A company has a choice to offer pension contributions, OR end of Service Gratuity.
The employee is protected, as the end payment MUST be equal too or greater than the end of Service Gratuity, regardless of performance of the pension fund.

An employer can give both

If an employee is making contributions too, the EMPLOYER'S contributions and final valuation MUST be equal to or greater than the end of Service gratuity ammount.

An employer CANNOT use employee contributions to make up their legal requirement.

In short, the MINIMUM they MUST pay you is the equivalent to the legal End of Service Gratuity. Personal contributions are irrelevant, and must be segregated from any calculation.


----------



## Chocoholic (Oct 29, 2012)

As far as I know expats can't get pensions here.

Plus gratuity is paid on an employees basic salary alone - why do you think so many companies make the basic ridiculously low and all the rest of the salary is made up of allowances?


----------



## Elphaba (Jan 24, 2008)

vista said:


> This is the question regarding a US employee who is contributing to 401K and getting employer's match. In this case can an employer stop the gratuity payment. I have gone through the labor laws in UAE and it does not talk anything about this. My employer is denying the gratuity payment to me because I am contributing to 401K and also getting some match from employer. You response also if any references regarding this would be greatly requested. Thanks



The employer can contribute to a savings plan in place of the EoS gratuity if it is properly documented and both parties agree. Employees can usually choose one or the others, not both.

This is covered in Articles 140 and 141 of UAE Labour law.

To pick up a point from another poster, EoS gratuity is calculated on basic salary plus regular commissions.


----------



## vantage (May 10, 2012)

Elphaba said:


> The employer can contribute to a savings plan in place of the EoS gratuity if it is properly documented and both parties agree. .


But the EoS figure is still the guaranteed minimum, whichever route is chosen?
So if your Company chooses a duff savings plan, the EoS remains a safety-net figure that the Company is duty-bound to honour?

That's what the radio types on Dubai Eye were on about over the weekend..


----------



## Elphaba (Jan 24, 2008)

vantage said:


> But the EoS figure is still the guaranteed minimum, whichever route is chosen?
> So if your Company chooses a duff savings plan, the EoS remains a safety-net figure that the Company is duty-bound to honour?
> 
> That's what the radio types on Dubai Eye were on about over the weekend..


Not exactly.
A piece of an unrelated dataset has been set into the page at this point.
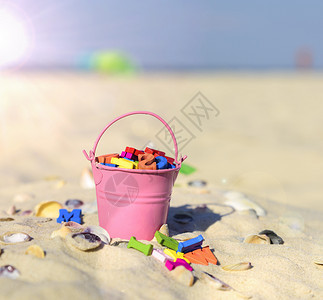 粉红的婴儿铁桶满的木质多彩字母站在沙子上关图片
It depends in the wording in the contract.

Who was saying this as it wasn't me?


----------



## vantage (May 10, 2012)

Elphaba said:


> Not exactly. It depends in the wording in the contract.
> 
> Who was saying this as it wasn't me?


That's a very good question!
It was during an 'interview' (infomercial!) with one of the banks. NBAD, i think


----------



## Elphaba (Jan 24, 2008)

vantage said:


> That's a very good question!
> It was during an 'interview' (infomercial!) with one of the banks. NBAD, i think


A bank  Stick to believing my answers and on air comments.


----------